A mine car (mass mcar = 444 kg) rolls at a speed of vcar = 0.52 m/s on a horizontal track, as the drawing shows. An mcoal = 141 kg chunk of coal has a speed of vcoal = 0.79 m/s when it leaves the chute. Determine the speed of the car-coal system after the coal has come to rest in the car. (Assume the angle α = 27°.)
m/s
To determine the speed of the car-coal system after the coal has come to rest in the car, we can use the principle of conservation of momentum.
1. First, let's calculate the initial momentum of the coal and the car. Momentum is given by the product of mass and velocity.
Initial momentum of coal (mc) = mass of coal (mcoal) * velocity of coal (vcoal)
Initial momentum of car (mccar) = mass of car (mcar) * velocity of car (vcar)
2. Next, we need to calculate the final momentum of the car-coal system.

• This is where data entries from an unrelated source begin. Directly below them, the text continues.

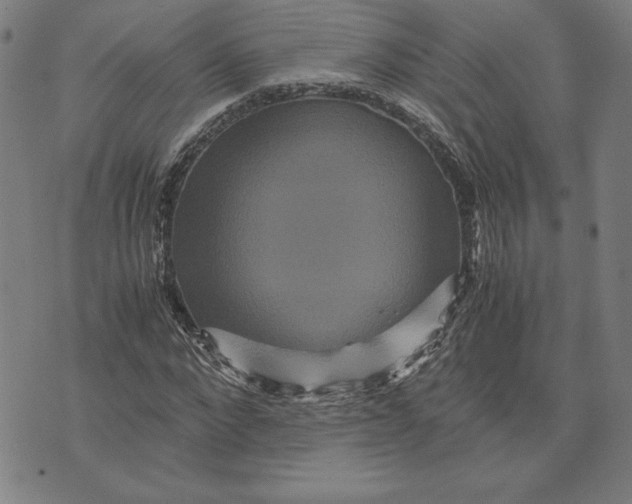 X0000071900872200607281801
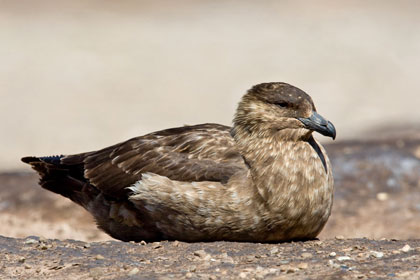 Falkland Skua Image @ Kiwifoto.com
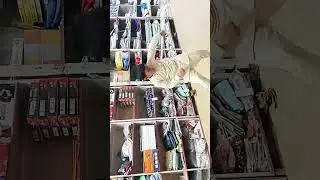 ZaiYan stick dance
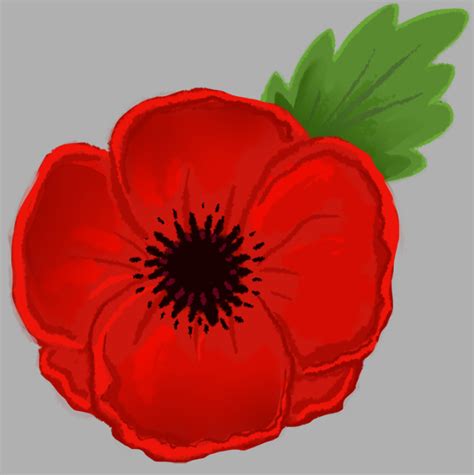 Sketch Poppy Flower Drawing Easy - Subarubaruk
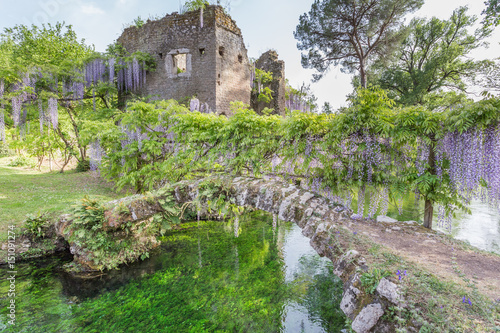 Ancient ruins and plants of wisteria in the Garden of Ninfa in the province of Latina, Italy, Europe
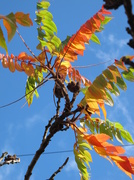 10th Oct 2013 - Autumn leaves 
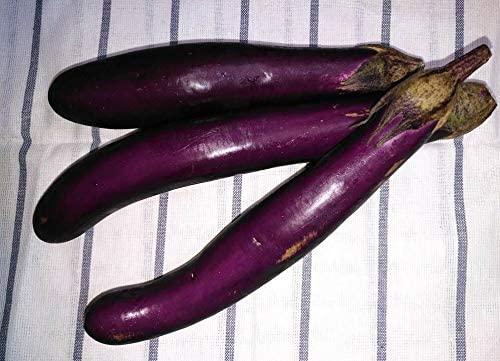 Aubergine chinoise longue violette au centuple 50 graines de légumes - Hybride F1 sans OGM pour conteneur, serre ou terrasse 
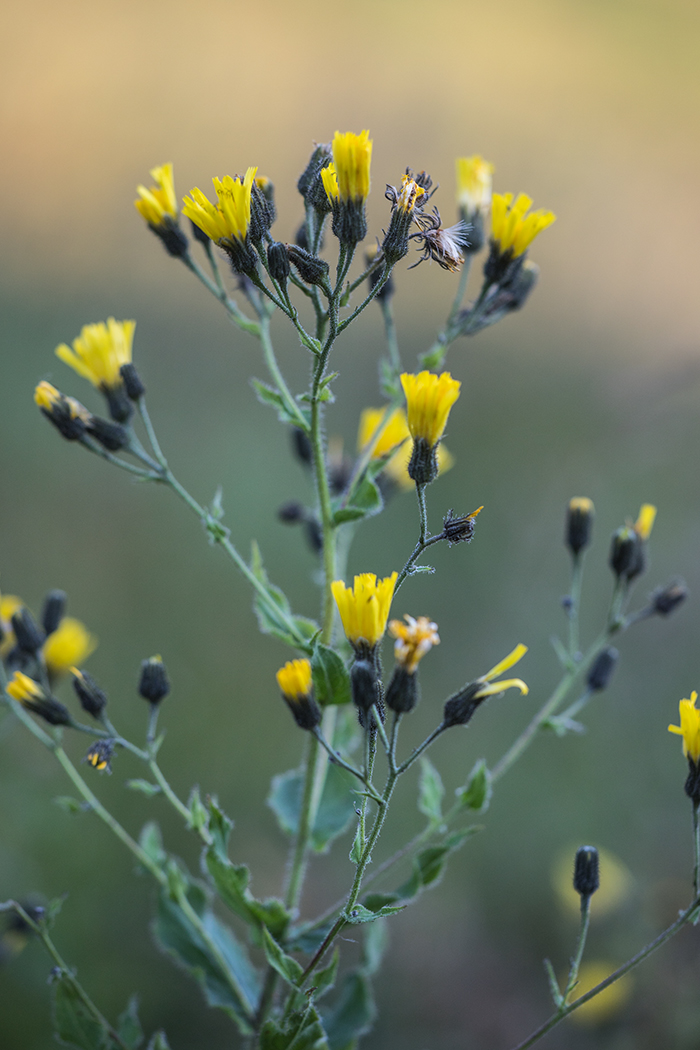 Image of genus Hieracium specimen.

Since the coal comes to rest, its final velocity is zero.
Final momentum of car-coal system (mcfinal) = (mass of car + mass of coal) * velocity of car-coal system (vcfinal)
3. According to the principle of conservation of momentum, the initial momentum equals the final momentum.
Initial momentum of coal + Initial momentum of car = Final momentum of car-coal system
mc * vcoal + mccar * vcar = mcfinal * vcfinal
4. Now, let's substitute the known values into the equation and solve for the final velocity of the car-coal system.
mc = 141 kg (mass of coal)
vcoal = 0.79 m/s (velocity of coal)
mcar = 444 kg (mass of car)
vcar = 0.52 m/s (velocity of car)
α = 27° (angle)
(mcoal * vcoal) + (mcar * vcar) = (mcar + mcoal) * vcfinal
(141 kg * 0.79 m/s) + (444 kg * 0.52 m/s) = (444 kg + 141 kg) * vcfinal
111.39 kg∙m/s + 231.36 kg∙m/s = 585 kg * vcfinal
342.75 kg∙m/s = 585 kg * vcfinal
5. Finally, divide both sides of the equation by the mass of the car-coal system (mcar + mcoal) to solve for the final velocity of the car-coal system (vcfinal).
vcfinal = (342.75 kg∙m/s) / (585 kg)
vcfinal ≈ 0.585 m/s
Therefore, the speed of the car-coal system after the coal has come to rest in the car is approximately 0.585 m/s.